Octocontrabass wrote:

rdos wrote:Of course, that only works with assembly code (or inline assembly).

Or a good compiler.

The code is incomprehensible. It easy to understand that btr will set a bit and return the original value in CY. It's also easy to understand that by locking the instruction. you will have a lock-free "xchg" on the bit level. The C code is a hack that you have to analyse to understand what it actually does, and there is no guarantee it will be translated to lock-free code, if the atomic_fetch_and function even is supported.

My position is that if the C equivalent of some code is incomprehensible, and the assembly version is easy to understand, there is no reason to use the C version. I only use C when it's easier to understand than the corresponding assembly code.

Particularly with lock-free code, there is a need to understand how it operates and make sure it can handle all possible cases. If the code is incomprehensible, this analysis becomes impossible to.

rdos wrote:The code is incomprehensible.

Seriously? Seems to me the code is pretty explicit about what it is doing.

rdos wrote:It easy to understand that btr will set a bit and return the original value in CY.

Yes, if you read the CPU manual.

rdos wrote:The C code is a hack that you have to analyse to understand what it actually does,

Not if you read the spec on cppreference or anywhere else. So not all that different from your assembler code. It's just newer.

rdos wrote:and there is no guarantee it will be translated to lock-free code, if the atomic_fetch_and function even is supported.

Nothing is certain except death and taxes. However, anything claiming C11 support has a macro to test both of these questions (__STDC_NO_ATOMICS__ and ATOMIC_INT_LOCK_FREE, respectively). And I can guarantee that atomic_fetch_and runs on more platforms than your "btr" instruction. Oh, but it won't work with your beloved OpenWatcom, right? Well, not all of us hobble ourselves in this way.

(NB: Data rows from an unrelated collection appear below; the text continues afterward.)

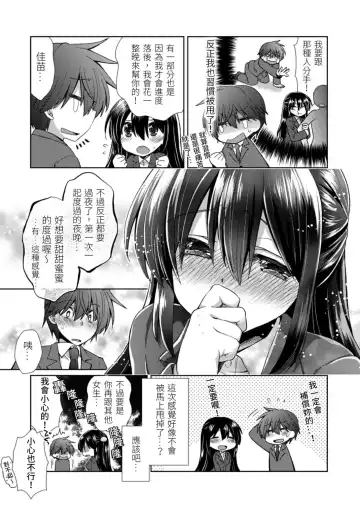 [Takaha Momo] Omoitattara Soku Gattai ~Kanojo no Uwaki Genba o Mita Ore wa!!!!~ Ch.1-5 Fhentai - Page 138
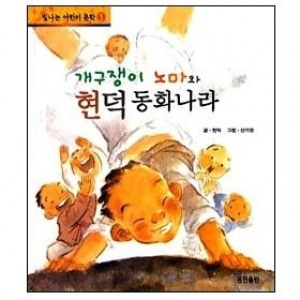 [도서] 개구쟁이노마와현덕동화나라[웅진주니어]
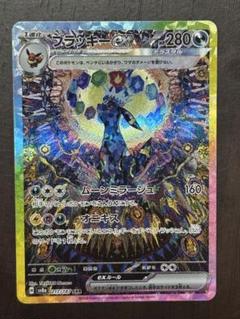 【極美品】中国語 ブラッキー ex sar Ⓒ 217/187 極美品】中国語 ブラッキー ex sar Ⓐ 217/187 - メルカリ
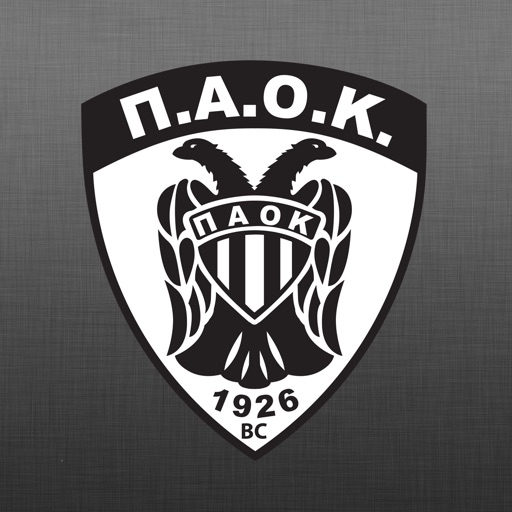 Paok BC Official Application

rdos wrote:Particularly with lock-free code, there is a need to understand how it operates and make sure it can handle all possible cases. If the code is incomprehensible, this analysis becomes impossible to.

I'm sorry, but atomic_fetch_and() does exactly what it says on the tin. If it was the explicit version, and the programmer was messing about with memory orders, then I would understand your apprehension, but this is the bog-standard sequential consistency version. So you get the same semantics on a weakly ordered system as on x86.

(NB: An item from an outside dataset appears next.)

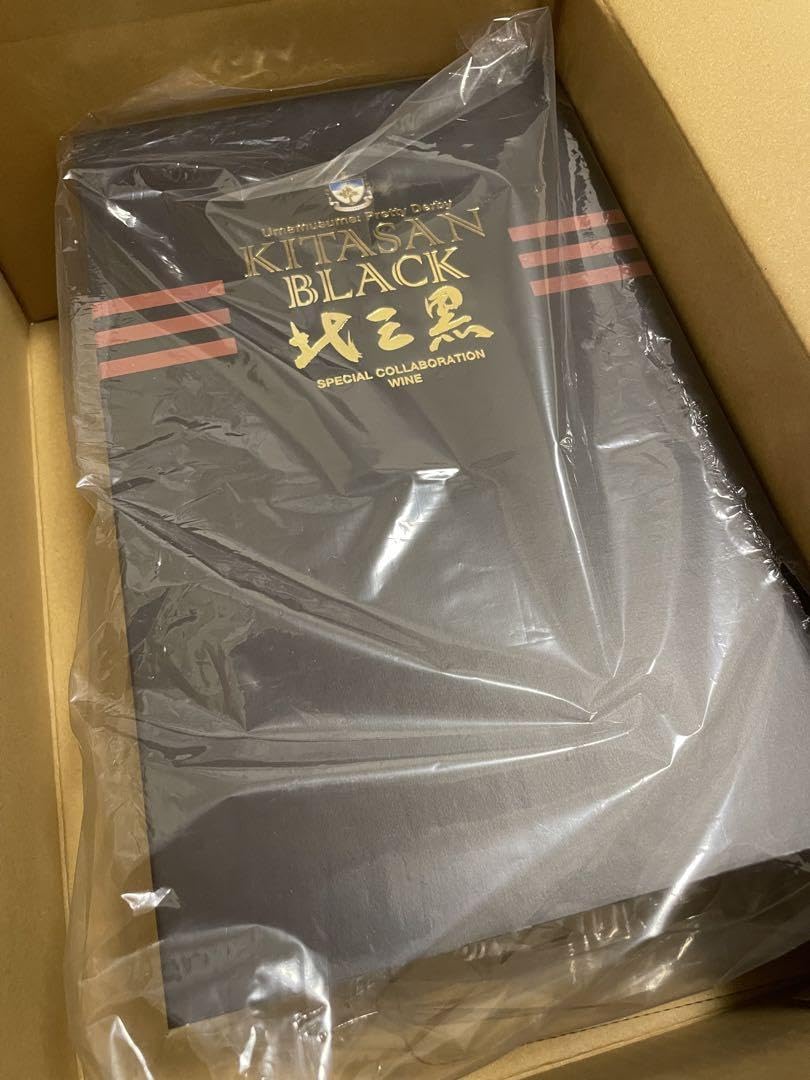 Amazon.co.jp: ウマ娘 プリティーダービー キタサンブラック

nullplan wrote:Oh, but it won't work with your beloved OpenWatcom, right? Well, not all of us hobble ourselves in this way.

I've written the Rdos support myself for OpenWatcom, so I could create the function myself if I wanted to. However, I don't believe physical memory management or scheduling code should be written in C/C++.

rdos wrote:

nullplan wrote:Oh, but it won't work with your beloved OpenWatcom, right? Well, not all of us hobble ourselves in this way.

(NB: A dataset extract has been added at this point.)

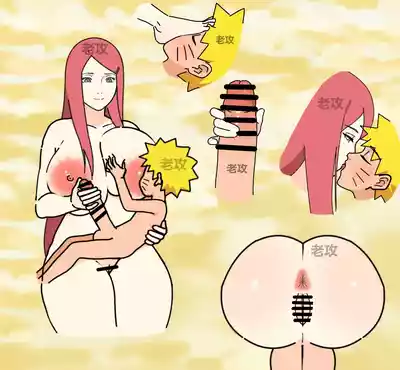 [老攻] NARUTO [Chinese] – 6
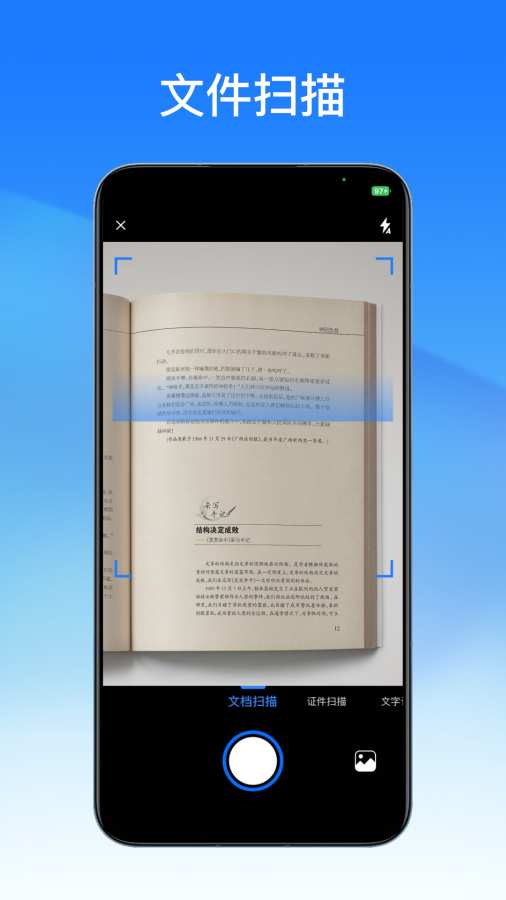 轻闪PDF-AI文档阅读辅助/PDF转换截图2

I've written the Rdos support myself for OpenWatcom, so I could create the function myself if I wanted to. However, I don't believe physical memory management or scheduling code should be written in C/C++.

There is nothing inherently CPU specific about physical memory management or scheduling.

A page frame is a page frame, regardless of its size or how the CPU maps it from virtual to physical address.

Or are you talking about the mechanism of mapping a virtual address to a physical page, and the mechanism of task switching, both of which may require some assembly?